#### EXERCISE DESCRIPTION
Your answer must be the data repeated exactly, with no pictures in it.

═══ RECORDS SUPPLIED

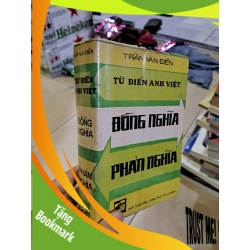 (TẶNG BOOKMARK) Từ điển anh việt đồng nghĩa phản nghĩa mới 80% ố vàng bìa cứng RBK0308 HỌC NGOẠI NGỮ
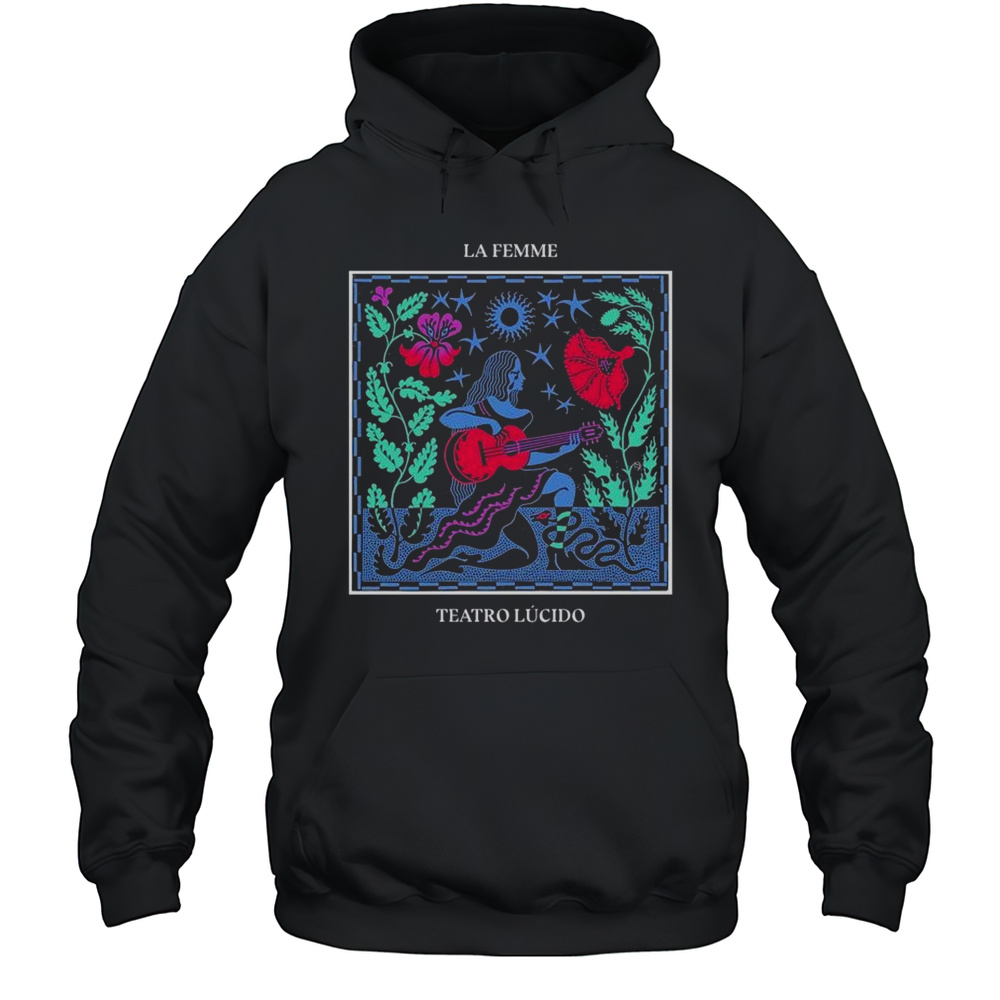 La Femme Teatro Lucido T-shirt Unisex Hoodie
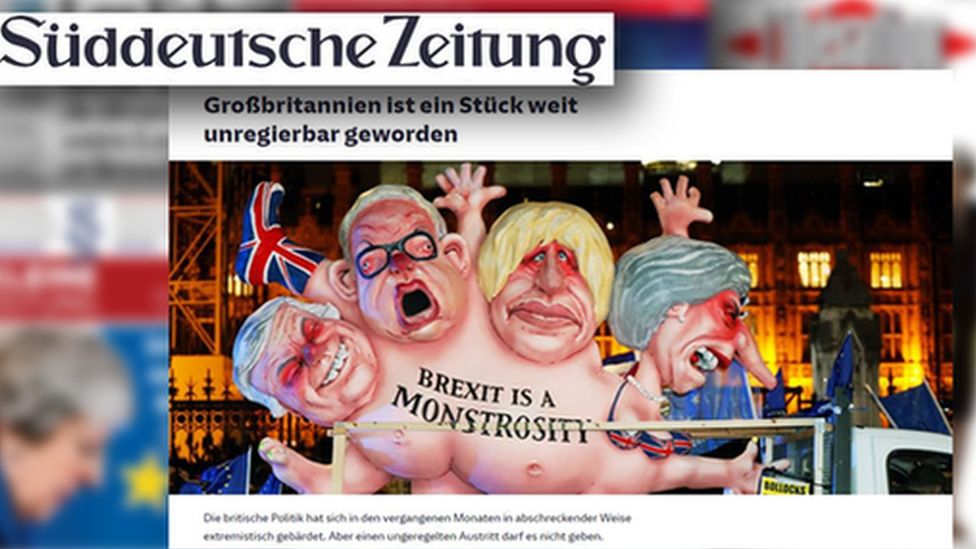 Suddeutsche Zeitung website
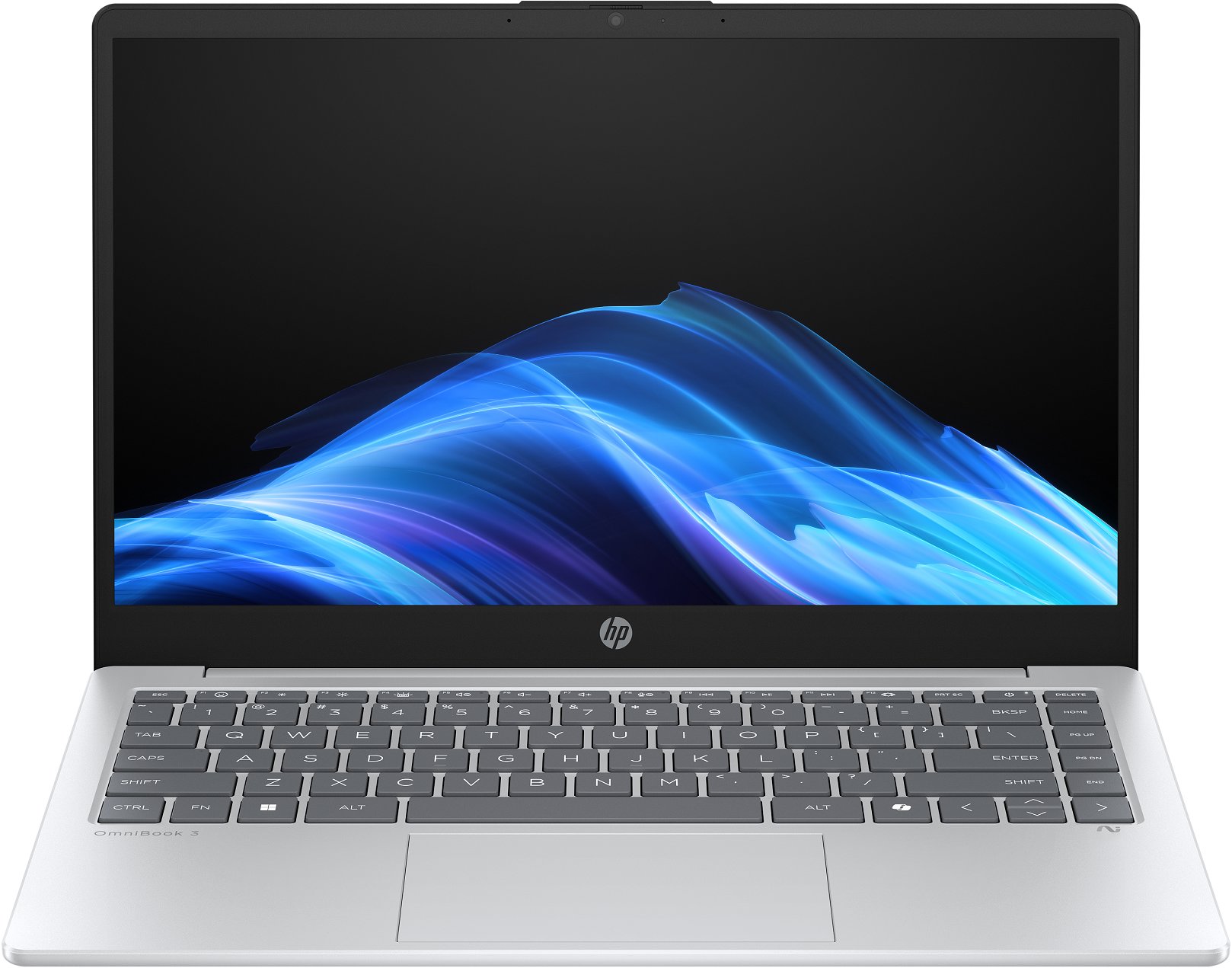 HP OmniBook 3 Next Gen AI 14-ha0900nc Glacier Silver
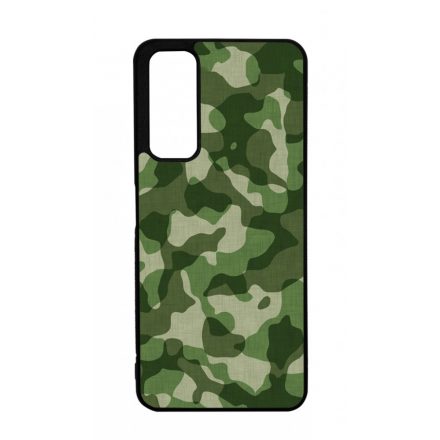 terepszin camouflage kamuflázs Huawei P Smart 2021 tok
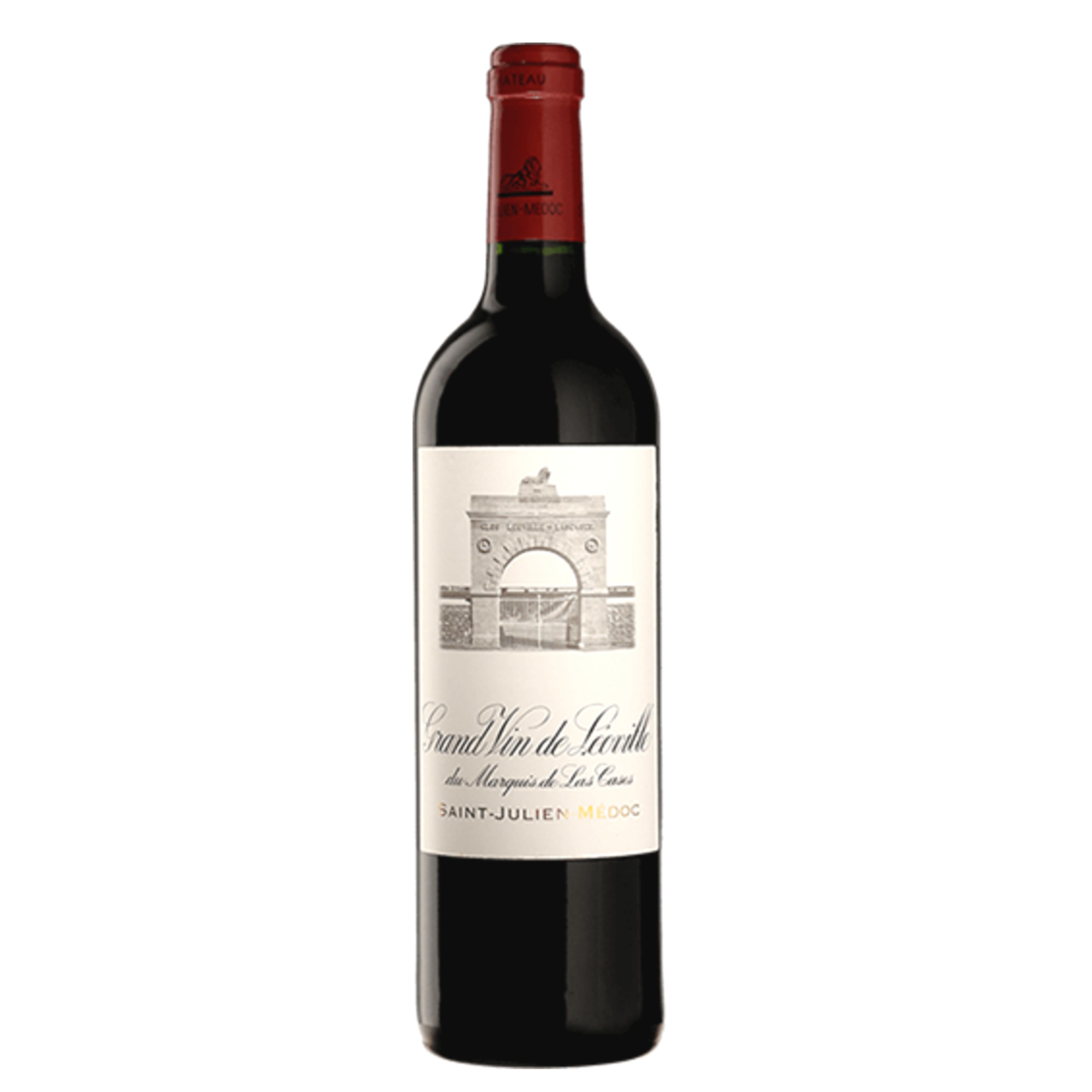 Rouge, Saint-julien Tranquille Rouge Saint-julien Chateau Léoville Las Case Bordelais France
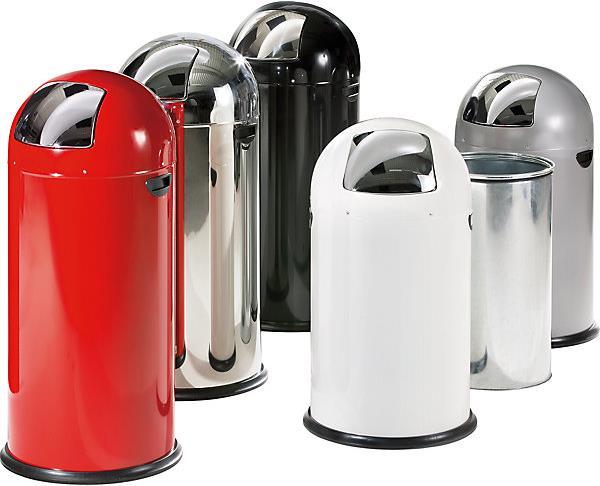Produktbild kaiserkraft Push-Abfallsammler (52 l)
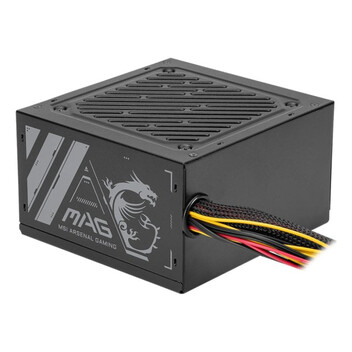 Fuente Alimentación MSI 500W Certificación ATX MAG A500N-H Enfriamiento Activ
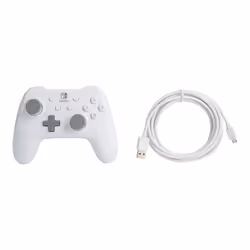 PowerA 1517033-01 accessoire de jeux vidéo Gris, Blanc USB Manette de jeu Analogique Nintendo Switch - Vue supplémentaire 8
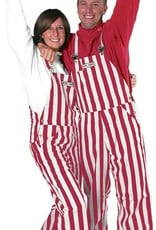 Game Bibs Arkansas Razorback Game Bib Candy Stripe Overalls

══════

#### WRITTEN SOLUTION
 (TẶNG BOOKMARK) Từ điển anh việt đồng nghĩa phản nghĩa mới 80% ố vàng bìa cứng RBK0308 HỌC NGOẠI NGỮ
 La Femme Teatro Lucido T-shirt Unisex Hoodie
 Suddeutsche Zeitung website
 HP OmniBook 3 Next Gen AI 14-ha0900nc Glacier Silver
 terepszin camouflage kamuflázs Huawei P Smart 2021 tok
 Rouge, Saint-julien Tranquille Rouge Saint-julien Chateau Léoville Las Case Bordelais France
Produktbild kaiserkraft Push-Abfallsammler (52 l)
 Fuente Alimentación MSI 500W Certificación ATX MAG A500N-H Enfriamiento Activ
 PowerA 1517033-01 accessoire de jeux vidéo Gris, Blanc USB Manette de jeu Analogique Nintendo Switch - Vue supplémentaire 8
 Game Bibs Arkansas Razorback Game Bib Candy Stripe Overalls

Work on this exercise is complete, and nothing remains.